Pour célébrer ses 15 ans, la galerie Art Mûr révèle au grand jour ce que vous ne voulez pas voir. L’exposition Mens-moi s’imbrique bien dans les thématiques punchées qui ont mis la galerie sur la mappe depuis 15 ans. Abus sexuels, violence, obésité: Mens-moi s’inspire de l’actualité et provoque en exposant les bobos de notre société.


Clinton Fein, Rank and Defile 1 (2007)

«Les images sont plus fortes que les mots», explique le co-commissaire Rhéal Olivier Lanthier. Par exemple? L’artiste Evergon présente un portrait peu convenu de sa mère, en béquille et dévêtue, malgré son poids et son âge avancé. «On refuse de se voir vieux, dit le codirecteur François St-Jacques, alors que le vieillissement de la population n’a jamais été aussi criant.» De la chirurgie esthétique à la violence au Mexique, l’expo dévoile autant le corps d’une dame âgée que les revers d’un conte de fées.
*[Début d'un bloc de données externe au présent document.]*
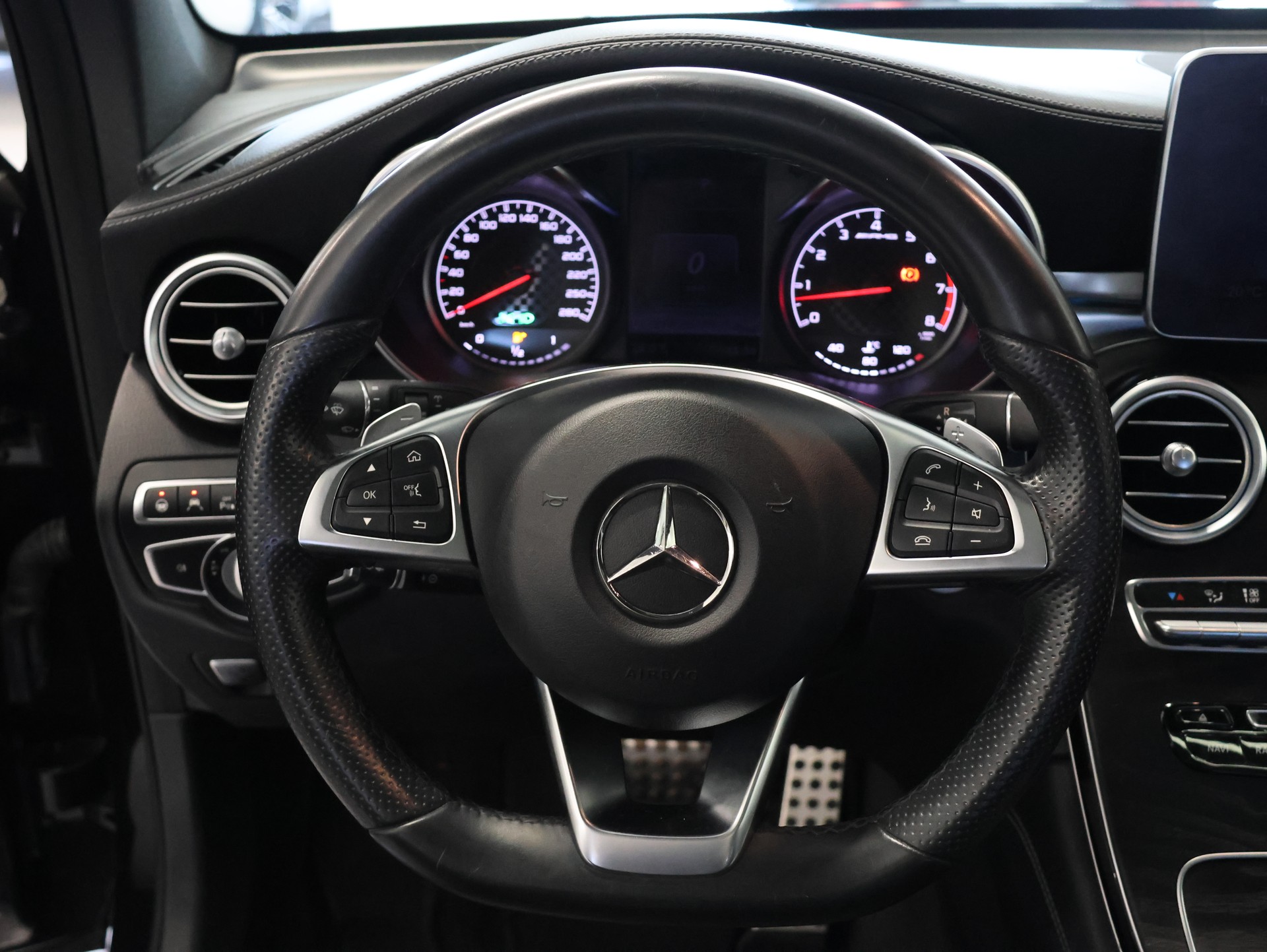 MERCEDES-BENZ GLC 43 AMG 4Matic 9G-Tronic *Panorama*Ambientebeleuchtung*Burmester*-image-18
Ainsi, l’artiste Dina Goldstein met en scène une Blanche-Neige qui déchante après le fameux ils vécurent heureux et eurent beaucoup d’enfants. «On répète aux enfants que ce n’est pas bien de mentir, mais on continue pourtant de transmettre l’espoir d’un prince charmant et du père Noël», souligne M. Lanthier.

 


Dina Goldstein, Snow White ("Fallen Princesses")

 

Êtes-vous mûrs pour la vérité?
L’expo met de l’avant des oeuvres qui utilisent autant le scandale que l’humour pour dénoncer. Le co-commissaire explique : «On a voulu trouver un équilibre entre les images percutantes et celles qui font sourire, mais réfléchir.» On ne pourrait d’ailleurs pas passer sous silence cette photo de Jonathan Hobin qui a fait scandale sur CNN, et qui présente deux enfants «jouant au 11 septembre» en reconstituant les deux tours du World Trade Center avec des cubes et un avion.

Cinq jours après le drame du 9/11, un incendie criminel ravage la galerie, alors située sur Notre-Dame Ouest. Art Mûr a depuis pignon sur rue dans Rosemont. «À l’époque, les galeries étaient toutes dans le Vieux ou sur Sherbrooke. C’était le Grand Nord, Rosemont!», rigole St-Jacques. Pourtant, cet éloignement les rapproche de la communauté.


Diana Thorneycroft, A People's History (Riel), 2009

 

«Je me souviens d’une petite fille qui s’arrêtait souvent devant la vitrine, raconte le co-commissaire. On l’a invitée à entrer et elle a écrit un article dans son journal étudiant. Elle devait avoir 9 ans.» Un chauffeur d’autobus qui passe devant la galerie finit lui aussi par arrêter l’autobus pour obtenir de l’information sur une toile en vitrine. «Être confronté à l’art contemporain au quotidien, ça amène à penser autrement», souligne Rhéal.